Par Caroline Henchoz, professeure HES ordinaire, et Stéphanie Monay, collaboratrice scientifique, HETSL (HES-SO)

« Je savais que l'argent était un sujet clé pour comprendre bien des choses dans le monde, mais je n'avais pas totalement pris conscience que c'était aussi le cas dans la construction de mon identité de gay, et a fortiori de papa queer. » Ben, 39 ans, marié, un enfant

Le champ de la recherche francophone sur l’homosexualité s’est surtout intéressé à l’émergence du désir d’être parent, aux relations familiales, aux normes de genre et de parenté (Gross & Courduriès, 2015). Les études sur l’organisation financière des couples de même sexe sont peu nombreuses et proviennent essentiellement des Etats-Unis et des pays d’Europe du Nord (Brahma et al., 2023). Elles relèvent que comparativement aux couples hétérosexuels, les partenaires de même sexe connaissent moins de différences de salaires et d’inégalités dans la répartition du travail rémunéré et non rémunéré. Iels feraient également preuve de plus d’inventivité, d’égalité et d’indépendance dans leur organisation financière. Mais qu’en est-il des couples suisses ?

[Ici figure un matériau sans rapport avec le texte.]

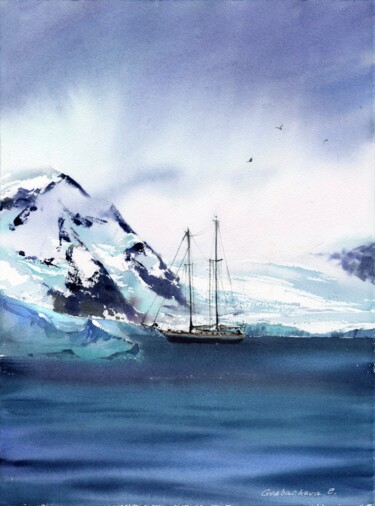 Картина под названием "Greenland" - Eugenia Gorbacheva, Подлинное произведение искусства, Акварель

Cet article présente les premiers résultats d’une recherche menée à la HETSL [1] en 2024. Celle-ci repose sur 29 entretiens recueillis auprès de quinze femmes, treize hommes et une personne non-binaire s’identifiant comme vivant avec une personne de même sexe, âgé·es de 25 à 50 ans. La moitié des personnes rencontrée sont en couple depuis plus de neuf ans. Leur état civil et composition familiale varient. La plupart des participant·es a suivi une formation de degré tertiaire et exerce une profession intermédiaire, intellectuelle ou d’encadrement. Les premiers résultats de cette recherche ont été soumis à un panel d’expert×es (professionnel·les, associatif·ves, académiques et d’expérience) afin d’aider à l’interprétation et identifier des pistes de recherche et des recommandations.

Inventer son organisation financière ?

Contrairement aux couples hétérosexuels, les couples de même sexe ne disposent pas de modèles d’organisation financière facilement accessibles. En outre, la plupart d’entre eux refusent de s’inspirer des exemples financiers hétéronormés principalement fondés sur la figure de « Monsieur gagne-pain ». À leurs yeux, ils comportent des dimensions de pouvoir et d’inégalités à éviter.

« C'est un peu le risque, on n'a pas tellement de modèles, en fait. Ça tourne souvent vers un truc, soit très… comment dire ça… aléatoire et expérimental : on met un peu de sous, on fait au prorata, ou alors on fait comme-ci comme-ça. Ou alors ce sont vraiment des structures hyper hétéronormées, où il y a quand même quelqu'un qui prend la place du dominant, puis quelqu'un qui prend la place dominée. » Lana, 36 ans, célibataire, sans enfant

L’organisation financière souhaitée vise à concrétiser les valeurs rattachées à la conjugalité contemporaine présentes dans la plupart des récits : l’égalité, l’indépendance et la solidarité. Si ces valeurs ne sont pas différentes de celles qui sont privilégiées par les couples hétérosexuels (Henchoz, 2008), elles prennent une dimension politique qu’on ne retrouve pas chez ces derniers.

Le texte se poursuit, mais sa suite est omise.